Les professionnels proposent par ailleurs de "travailler avec les pouvoirs publics à la conception d’un financement permettant d’expérimenter la reprise sans frais des déchets triés sur quelques familles de matériaux choisis pour leur potentiel de recyclabilité".

Ce que prévoit le gouvernement

Cette proposition est publiée alors que le gouvernement est en train de finaliser son projet de loi économie circulaire. L’avis du Conseil national de la transition écologique sera adopté jeudi 20 juin. Dans le texte actuel, l’article 9 prévoit la mise en place d’une REP pour "les produits ou matériaux de construction du secteur du bâtiment destinés aux ménages ou aux professionnels, à compter du 1er janvier 2022, de sorte à ce que les déchets de construction ou de démolition qui en sont issus soient repris sans frais en tout point du territoire national lorsqu’ils font l’objet d’une collecte séparée".
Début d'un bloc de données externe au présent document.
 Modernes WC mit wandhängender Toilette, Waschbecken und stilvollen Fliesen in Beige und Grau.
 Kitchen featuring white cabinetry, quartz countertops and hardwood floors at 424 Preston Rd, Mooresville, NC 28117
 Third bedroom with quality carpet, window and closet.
Le gouvernement précise toutefois que "la présente disposition ne s’applique pas aux produits ou matériaux faisant l’objet d’un système équivalent de prévention, de collecte et de traitement des déchets permettant la reprise sans frais en tout point du territoire national des déchets de construction ou de démolition qui en sont issus lorsqu’ils font l’objet d’une collecte séparée". En clair: la filière fera l’objet d’une REP à moins que la profession ne prouve qu’elle peut atteindre les objectifs de la loi par un autre moyen.
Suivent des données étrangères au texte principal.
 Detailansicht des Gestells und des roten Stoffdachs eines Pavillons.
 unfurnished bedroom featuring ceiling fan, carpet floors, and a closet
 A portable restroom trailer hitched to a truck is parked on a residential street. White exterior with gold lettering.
Dans l’étude d’impact du projet de loi qu’AEF info a consultée, le gouvernement considère que "le déploiement d’un accord volontaire avec les professionnels du secteur du bâtiment apparaît difficilement envisageable dans la mesure où ces derniers ne semblent pas s’être engagés dans une démarche de déploiement de l’économie circulaire dans le secteur d’activité bien que ce dernier soit soumis à une obligation de tri et de valorisation des déchets depuis près d’une dizaine d’années. En effet, 58 % des déchets du gros œuvre et 78 % du second sont actuellement éliminés et ne font donc l’objet d’aucune valorisation". "De même le déploiement de l’obligation de reprise des déchets issus des matériaux, produits et équipements de construction a pris un retard significatif sous-entendant que seule une approche régalienne pouvait être envisagée afin d’atteindre les objectifs de valorisation fixés par la directive-cadre déchets."
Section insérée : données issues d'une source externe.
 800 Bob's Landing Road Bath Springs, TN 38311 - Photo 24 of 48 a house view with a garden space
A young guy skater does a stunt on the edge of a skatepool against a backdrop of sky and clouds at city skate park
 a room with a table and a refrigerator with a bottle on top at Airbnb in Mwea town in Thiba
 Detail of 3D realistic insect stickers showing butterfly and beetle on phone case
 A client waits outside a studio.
La filière veut "débattre sérieusement"

"La filière s’étonne qu’aucune réelle concertation n’ait été engagée pour travailler collectivement à la rédaction du projet de loi antigaspillage, alors même qu’elle formule des propositions concrètes dans son étude", répondent les quatorze organisations. "Elle rappelle que [son] étude a été initiée dans le cadre d’un groupe de travail constitué à l’initiative des pouvoirs publics et qu’elle fait suite à la commande passée par ces derniers. Elle rappelle également qu’elle s’est engagée dans cet effort collectif avec pour objectif de créer une dynamique positive, à même de permettre une amélioration significative de la reprise des déchets du bâtiment et de leur recyclage. Elle réitère donc sa demande de pouvoir débattre sérieusement avec le gouvernement des propositions formulées dans le cadre de cette étude."

(1) AIMCC, Capeb, CGI, FDME, Federec, FFB, Fnade, Fnas, FNBM, FND, USH, Seddre, Snefid et Unice.